Note: We’re excited to introduce you to our special guest writer, Evelyn Hill, a minimalist, a vegan and a super talented creative. You can find more of Evelyn’s work on her Twitter and Instgram.

I was at a beauty shop the other day, looking for a red lipstick to wear for a date with my husband. I just wanted a red lipstick, as mine had run out, that’s all. I wasn’t looking for anything else and in fact knew the one I wanted. It was supposed to be a quick run in and out.

An hour later, I was still in the shop. A salesgirl had cornered me (not a fan when that happens, frankly) and was trying to get me to try other red lipsticks. There were at least 50 that I could see, just from where I was standing.

About 20 minutes after that, I had left the store with the first lipstick I had in my hand. The one I had gone in there to buy. But I also left with a headache, the kind that pangs by having too many choices.

Choices plague us.

We live in a world where more and more choices are given to us, leaving us to feel helpless when stuck making a decision. We keep asking ourselves, is this a good choice? Will I be happy in the long run? What if there’s something better and I just haven’t found it yet?

If this sounds like you, you’re not alone. Many of us feel this way. We find choices everywhere, from the food that we buy to the entertainment we see to even the places we can go and the things we can do.

And while many of us would say, grand, choices are great. You have more opportunities to try something new. And trying something new isn’t necessarily bad. But I will tell you this, from personal experience:

More choices means less action and less satisfaction.

So I’m going to take this time to tell you why too many choices can paralyze you. Don’t worry, though — I’m also going to give you some solutions to help you overcome it. So let’s start with why choices aren’t always a good thing.

You have to decide between a choice and a “better” choice

Nothing detracts from a choice quite like knowing you could have made a “better” choice.

You know the kind I mean, right? You go into a shop to buy a jacket because you need one. All of a sudden, you see all the jackets that are on offer. You think, ah, I can get a deal on a better jacket than the one I wanted. And then you’re stuck in the shop for at least an hour, trying to decide between the jacket you went in to buy and a jacket that’s more expensive but on offer.

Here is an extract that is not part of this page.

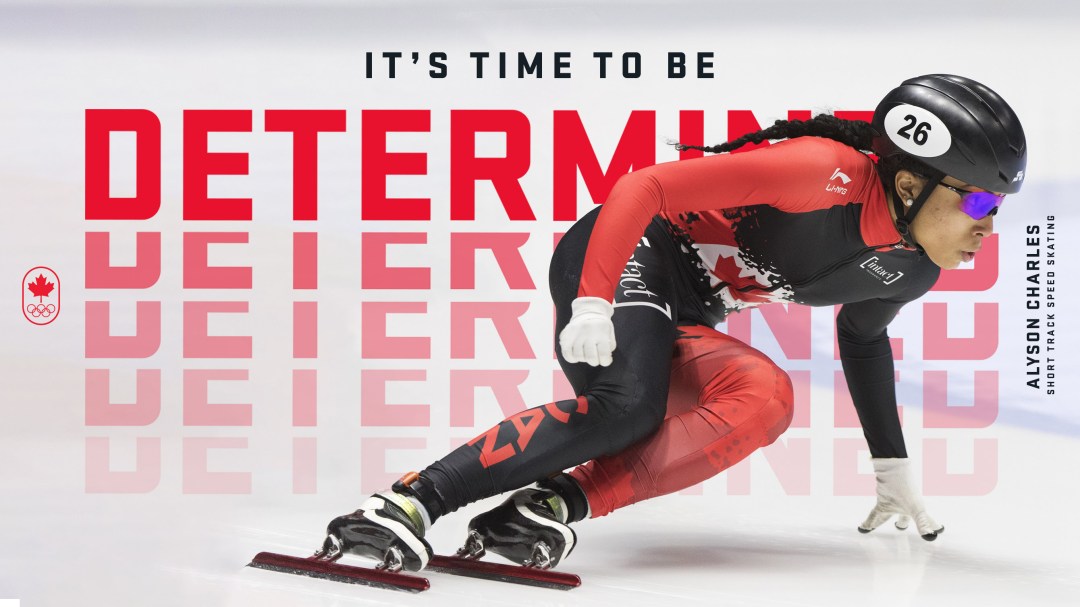 Short track speed skater in a lean on ice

It’s a paralyzing feeling. And sometimes it can be so overwhelming that you don’t make a choice at all. The decision between choosing one or the other has left you with a headache the size of Australia and still no jacket.

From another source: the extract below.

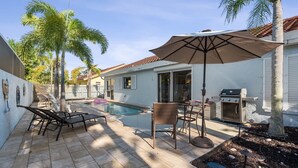 Un jardin avec une piscine, du mobilier de jardin, un barbecue et des palmiers.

Opportunity costs detract from the choice you made, also known as FOMO

This is what happens after you’ve actually made a choice. You’ve picked something to wear, eat, see, or do, and then FOMO (Fear Of Missing Out) hits you straight in the face.

It’s easy to imagine the benefits of the choices you don’t pick, isn’t it? You’ve made a choice but then you see someone with a different choice and you start thinking about how much better that choice would have been. You start having regrets about your own decision.

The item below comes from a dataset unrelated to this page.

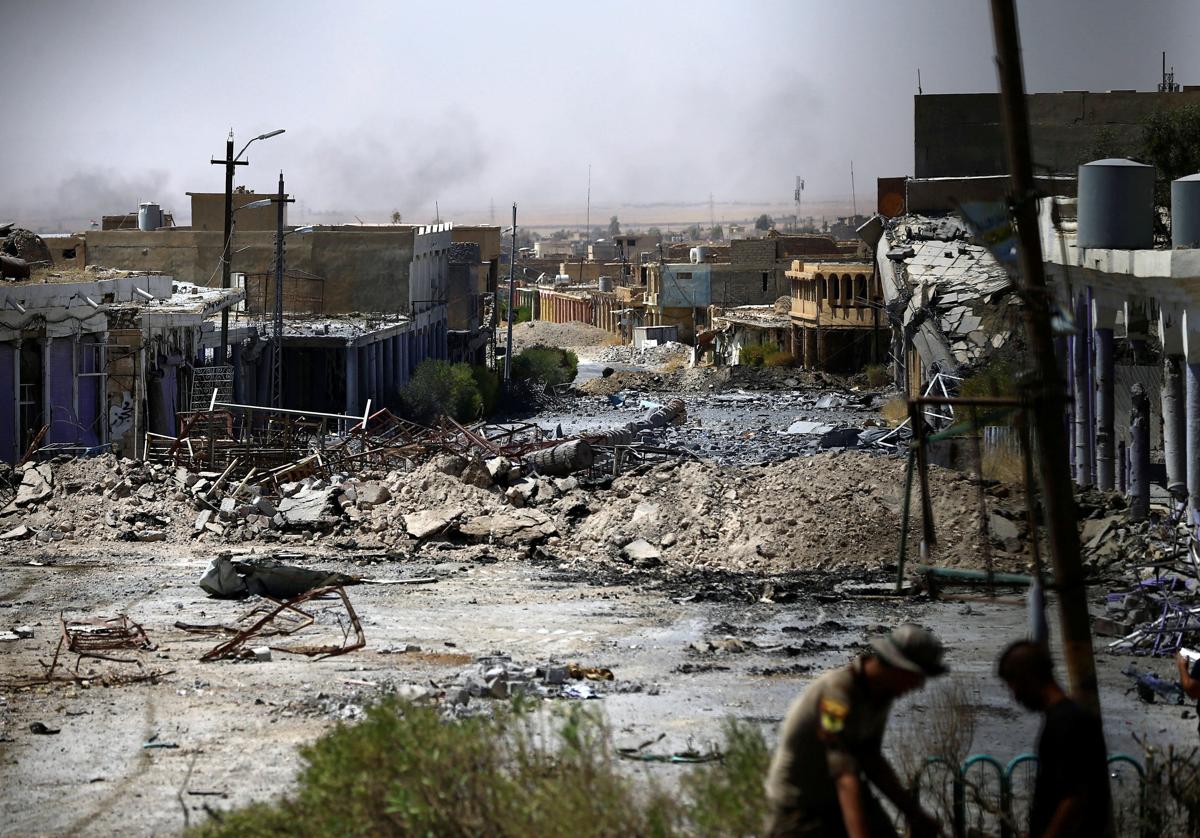 Edificios destruidos por los enfrentamientos, durante la guerra entre el Ejército iraquí y las Fuerzas de Movilización Popular chiítas (PMF) contra los militantes del Estado Islámico en Tal Afar.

This fear of missing out is one of the biggest ways choices can paralyze you. When there are no choices except for one, you’re not stuck in purgatory of regret — there’s just that one choice. You get on with it. But more choices leave you feeling like you always make the wrong choice.

You increase your expectations with every new choice available to you

We’re a society that is becoming more demanding. With more choices comes the expectation that all of the choices must be quality. When they aren’t, we get upset.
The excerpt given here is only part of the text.